Daí que a seguir – nos capítulos “Brasilidade revolucionária como estrutura de sentimento: os anos rebeldes e sua herança” e “Questão da terra no cinema e na canção. Dualismo e brasilidade revolucionária” – o autor atente à produção de agentes desligados do partido. Assim, pode aquilatar a centralidade de que gozou na cena cultural, e a perda dela mesma, pari passu o ocaso político, decorrente não apenas, mas fortemente, da fragmentação da esquerda e de sua autocrítica desencadeada pelo regime civil-militar. Desse modo, “especialmente depois de 1964, com a consolidação da indústria cultural no Brasil, surgiu um segmento de mercado ávido por produtos culturais de contestação à ditadura: livros, canções, peças de teatro, revistas, jornais, filmes etc. de modo que a brasilidade revolucionária, antimercantil e questionadora da reificação, encontrava contraditoriamente grande aceitação no mercado” (p. 98).

Toda a ambiguidade do quadro fica indicada pela reconstituição da repercussão do livro Tudo que é sólido desmancha no ar de Marshall Berman, publicado em 1986. Nota-se, novamente, a escolha bem pensada do material para o tratamento do problema que move o trabalho, pois com ele, acessa a “porta de entrada para pensar o entrelaçamento entre o campo intelectual e a indústria cultural no Brasil, bem como a relação entre mercado e pensamento de esquerda” (p. 145). Para dizer tudo num jargão familiar aos leitores: forma mercantil com conteúdo do campo “revolucionário” – é contraditório, mas, oferece síntese? Se sim, qual; se não, que fazer? No plano das trajetórias, o dilema se manifesta, genericamente, na figura do “intelectual atormentado com sua condição relativamente privilegiada, de portador de projetos de vanguarda numa sociedade subdesenvolvida e desigual”, mas “crescentemente seduzido pelo acesso individual ao desenvolvimento de um mundo globalizado, embora seu discurso por vezes mantenha tons esquerdistas” (p. 169).

Se nos fosse permitido, elaboraríamos a questão do seguinte modo.
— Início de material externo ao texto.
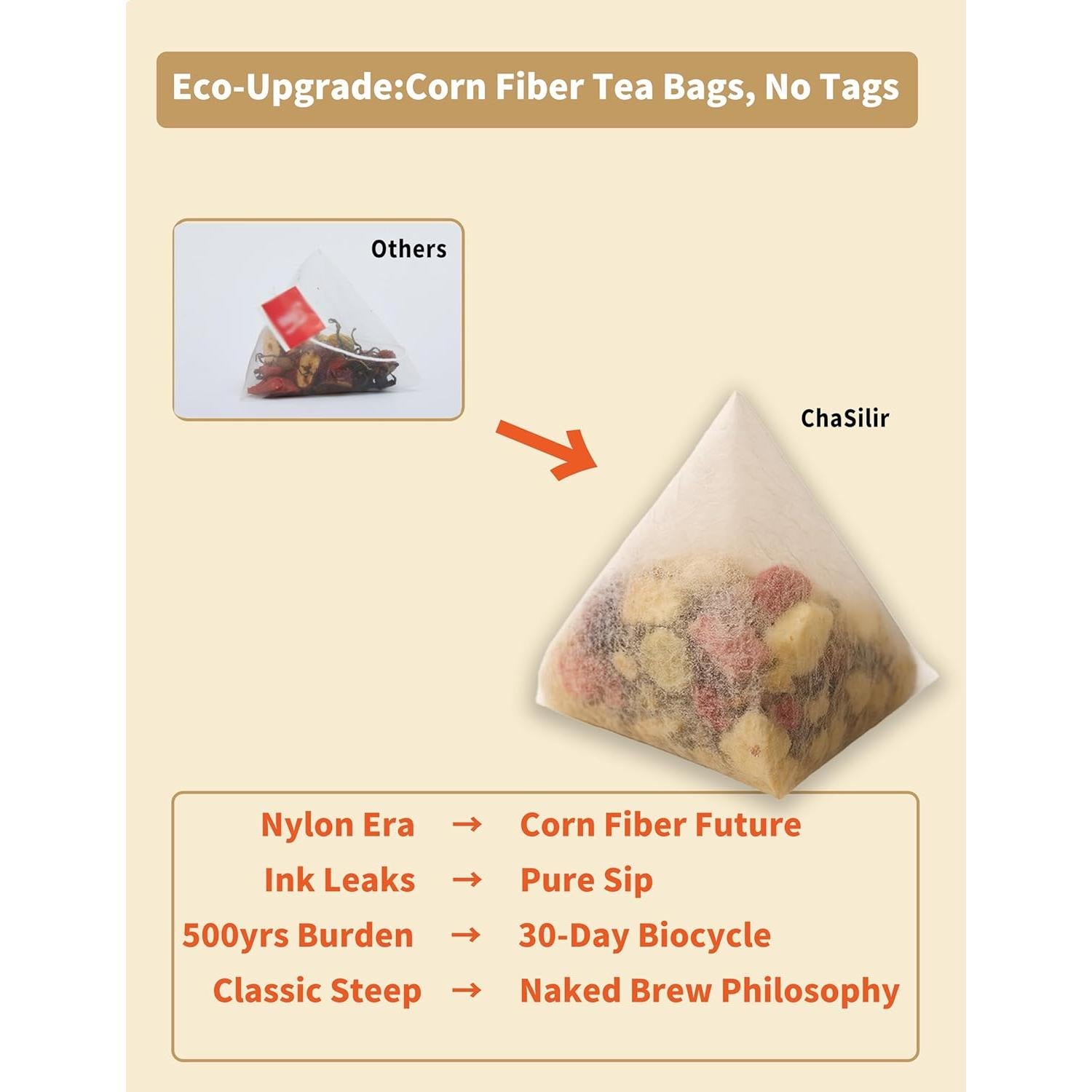 Té Detox Orgánico Aquawhale - Raíz de Diente de León y Bayas de Lobo, 150g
Assinala-se o ocaso do partido como instância fundamental da organização da produção afinada com o repertório cultural de esquerda, após 1964. Porém, a empreitada da modernização encampada após essa derrota requeria mão de obra qualificada. Tudo se passa como se a estrutura produtiva avançasse mais rapidamente do que as condições sociais correspondentes a ela, levando a deslocamentos de capital e mão de obra. O ritmo galopante do crescimento não comportava “esperar” a formação desta mão de obra, e se apropriou, nesse ritmo, da disponibilidade profissional – e não política – de tal qualificação. A consolidação da indústria cultural no Brasil é indissociável disso. Muito já foi dito a respeito das contradições da indústria cultural, mantendo-se rente aos conteúdos desse “cultural”. É tempo de se atinar para a “indústria”. A rotação das atenções para ela, parece-nos, segundo modesta leitura, consistir numa das contribuições salutares do presente trabalho, que tanto gostamos de ler.